▸ EXERCISE DIRECTIONS
Output the data in full and exactly as presented.
---------- DATA BLOCK
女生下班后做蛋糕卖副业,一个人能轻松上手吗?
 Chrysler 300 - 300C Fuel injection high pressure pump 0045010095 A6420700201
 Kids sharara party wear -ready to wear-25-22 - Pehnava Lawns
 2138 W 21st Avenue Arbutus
--------------------
▸ RESULT OF THE TASK
女生下班后做蛋糕卖副业,一个人能轻松上手吗?
 Chrysler 300 - 300C Fuel injection high pressure pump 0045010095 A6420700201
 Kids sharara party wear -ready to wear-25-22 - Pehnava Lawns
 2138 W 21st Avenue Arbutus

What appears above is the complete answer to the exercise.